1. Client Researcher (`agent__client-researcher`)

Crawls the tenant’s website and searches for external mentions to build a factual profile of the business.

Inputs (job payload):

Field	Source
`tenantName`	Tenant record
`emailDomain`	Tenant record
`country`	Tenant record
`plan`	Tenant subscription
`revisionNotes`	User-supplied (revision runs only)

What it does:

Calls search_knowledge.js "company overview products services" "website_content" first — if the tenant has already been crawled via the Website Channel, uses that indexed content as the primary source rather than re-crawling live.
Live-crawls the website: homepage, /about, /services or /products, /blog (index), /contact, /faq.
Web-searches for press mentions, social profiles, and review listings.
Synthesises everything into structured Markdown research notes covering: products/services, USPs, target audience, brand tone, geographic focus, content cadence, social presence, and technical indicators.

Output: Free-form Markdown research notes, passed to competitor-researcher as clientResearchOutput.

2. Competitor Researcher (`agent__competitor-researcher`)

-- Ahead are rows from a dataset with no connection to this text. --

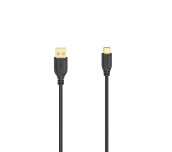 Кабел Hama Flexi-Slim USB-C - USB-A 2.0 мъжко, 0.75м,тънък, позлатен, черен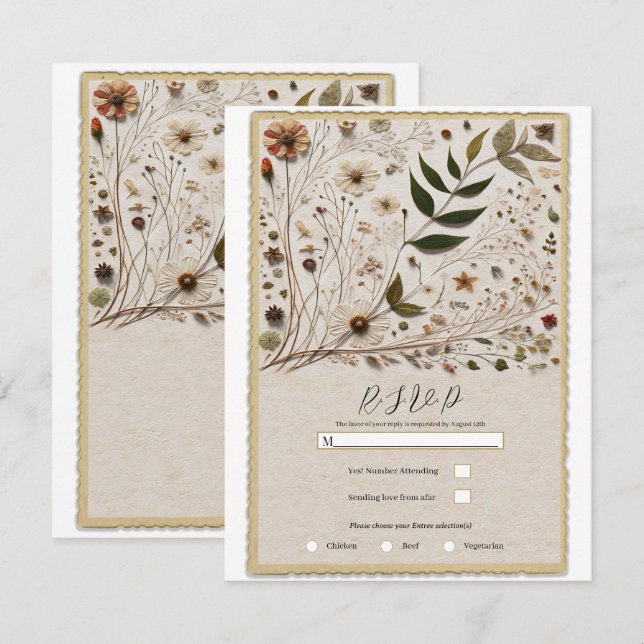 Invitation Fleurs et Feuilles Botaniques de la Beauté de la N (Devant / Derrière)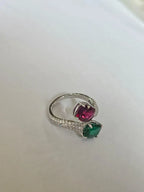 Natural Rubellite & Zambian Emerald Gemstone Ring - 18k White Gold Diamond Toi et Moi Ring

Identifies and analyses the tenant’s competitive landscape based on the client research.

Inputs (job payload):

Field	Source
`tenantName`	Tenant record
`country`	Tenant record
`plan`	Tenant subscription
`clientResearchOutput`	Output from client-researcher
`knownCompetitors`	`Competitor` table (active rows for this tenant)
`revisionNotes`	User-supplied (revision runs only)

What it does:

Identifies 4–6 direct competitors (same product/service category, overlapping geography).
For each competitor: name, URL, services, target audience, marketing channels, content cadence, strengths/weaknesses, awards.
Identifies 2–3 indirect/content competitors.
Performs keyword gap analysis.
Summarises competitive intensity (low / medium / high).
Seeds from knownCompetitors — competitors already tracked in the DB are always included and expanded on.

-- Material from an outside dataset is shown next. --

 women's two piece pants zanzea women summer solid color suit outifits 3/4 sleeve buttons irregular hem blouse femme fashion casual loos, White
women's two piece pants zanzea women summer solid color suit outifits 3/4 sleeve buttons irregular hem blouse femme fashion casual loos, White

Output: Free-form Markdown competitor analysis, passed to context-file-writer as competitorResearchOutput.

3. Context File Writer (`agent__context-file-writer`)

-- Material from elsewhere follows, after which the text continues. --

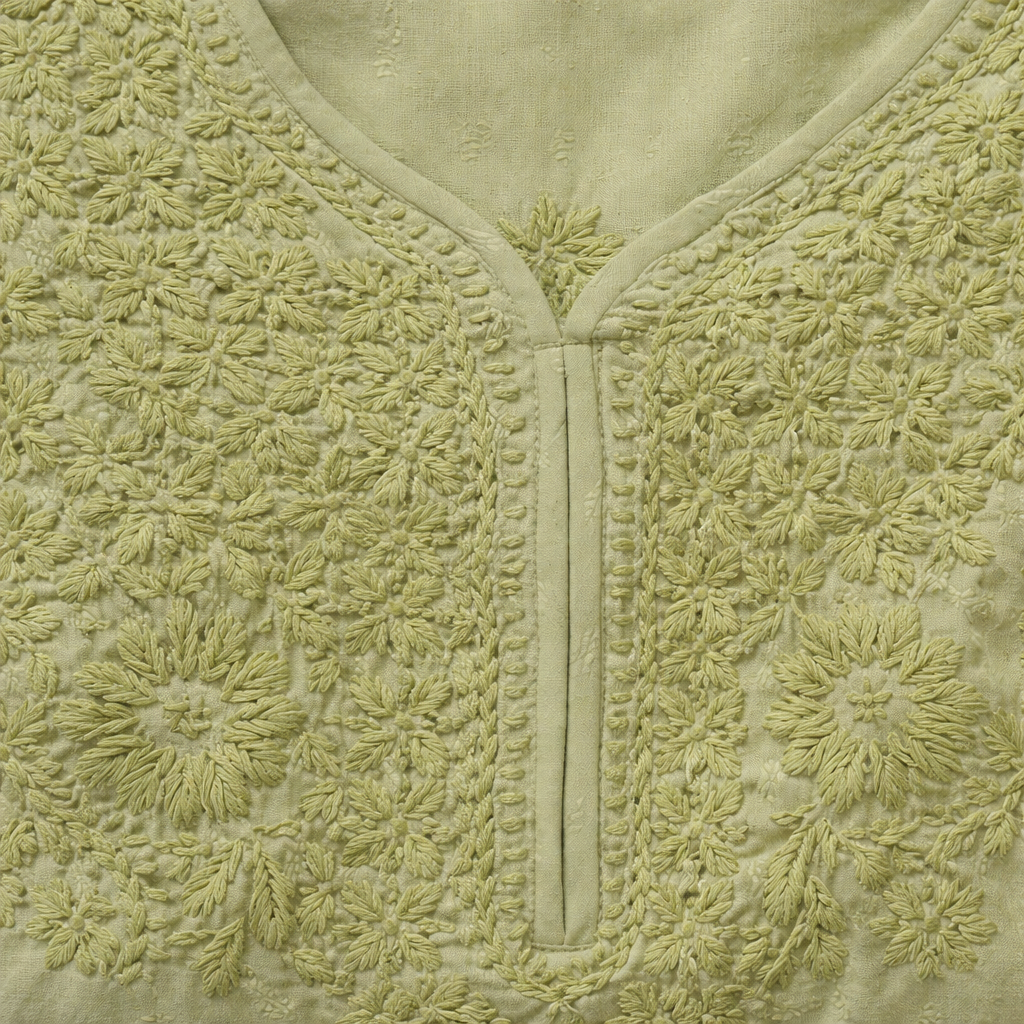 Pastel Pistachio Green Chikankari Kurti Pant Set – Mul Cotton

Synthesises both research outputs into the canonical Client Context File.

Inputs (job payload):

Field	Source
`tenantName`	Tenant record
`country`	Tenant record
`plan`	Tenant subscription
`clientResearchOutput`	Output from client-researcher
`competitorResearchOutput`	Output from competitor-researcher
`revisionNotes`	User-supplied (revision runs only)

What it does:

Calls search_knowledge.js against client_docs for brand guidelines, tone-of-voice docs, and uploaded brand assets. These override synthesised content where they conflict.
Synthesises both research inputs into the 11-section Client Context File (see Output Structure below).
Writes the output to context.md in its working directory.
The worker reads context.md after execution and appends:
- Brand Voice section — from BrandVoice DB record if status = "active"
- Key Pages section — published/approved blog posts and landing pages for internal linking

Output: Saved to ClientContext.content. Versioned in ClientContextVersion.

Output Structure

The context file is a Markdown document with exactly these sections (in order):


# [Company Name] — Context File
 
## Business Overview
Narrative description of the company — industry, founding story, size, model.
 
## Products & Services
| Product/Service | Description | Target User | Key Benefit |
 
## Target Audience
| Segment | Demographics | Pain Points | Goals |
 
## Brand Voice & Tone
Bullet list: tone adjectives, personality traits, vocabulary to use, vocabulary to avoid, writing style.
 
## Unique Selling Propositions
Bullet list of 3–6 distinct USPs.
 
## Current Marketing Presence
| Channel | Status | Audience Size / Metrics | Notes |
 
## Geographic Focus
Primary / Secondary / Not served regions.
 
## Competitive Landscape
| Competitor | Strengths | Weaknesses | Key Differentiator |
 
## Keyword Opportunities
| Keyword | Intent | Estimated Volume | Difficulty |
 
## Content Gaps & Opportunities
| Gap / Opportunity | Recommended Format | Priority |
 
## Technical Notes
Bullet list: CMS, e-commerce platform, booking system, tech indicators.
 
---
 
## Brand Voice
(Appended by worker from BrandVoice DB record if active)
 
## Key Pages (Internal Linking Reference)
(Appended by worker from published BlogPost + LandingPage records)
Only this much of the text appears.